▼

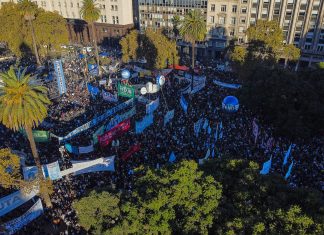 Financiamiento universitario: “Lo que hubo es un reclamo que se tomó como válido, se tomó como justo por parte de la sociedad”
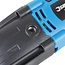 Silverline Veelzijdige oscillerende multitool - 300W - variabele snelheid - trilling-verminderend handvat
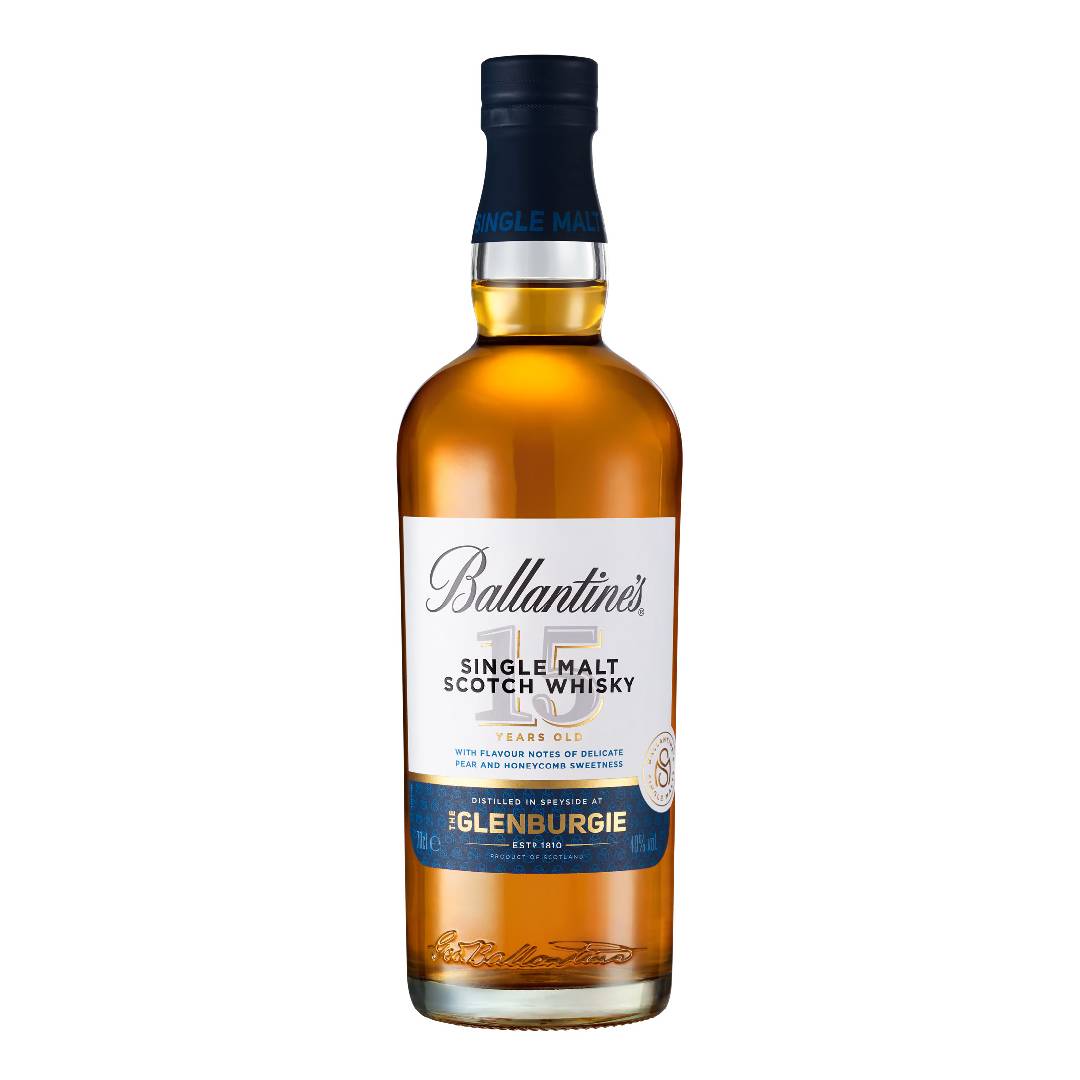 The Glenlivet 12年 、Ballantine's 12年 セット The Glenlivet 12年 、Ballantine's 12年 セット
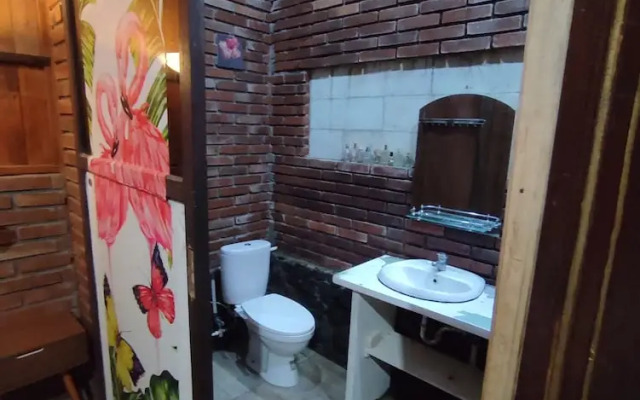 nDalem HaWe Villa Kaliurang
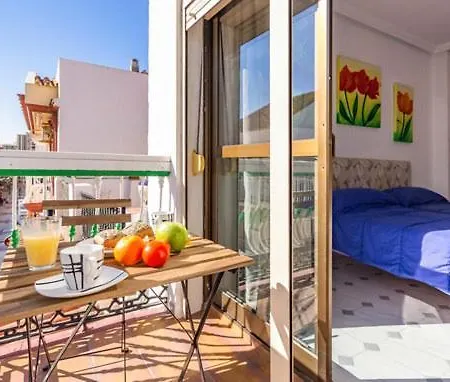 Carihuela Torremolinos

▲

## Instructions for the task
Output all the material verbatim, skipping every image.

## Result for this task
 Financiamiento universitario: “Lo que hubo es un reclamo que se tomó como válido, se tomó como justo por parte de la sociedad”
 Silverline Veelzijdige oscillerende multitool - 300W - variabele snelheid - trilling-verminderend handvat
 The Glenlivet 12年 、Ballantine's 12年 セット The Glenlivet 12年 、Ballantine's 12年 セット
 nDalem HaWe Villa Kaliurang
 Carihuela Torremolinos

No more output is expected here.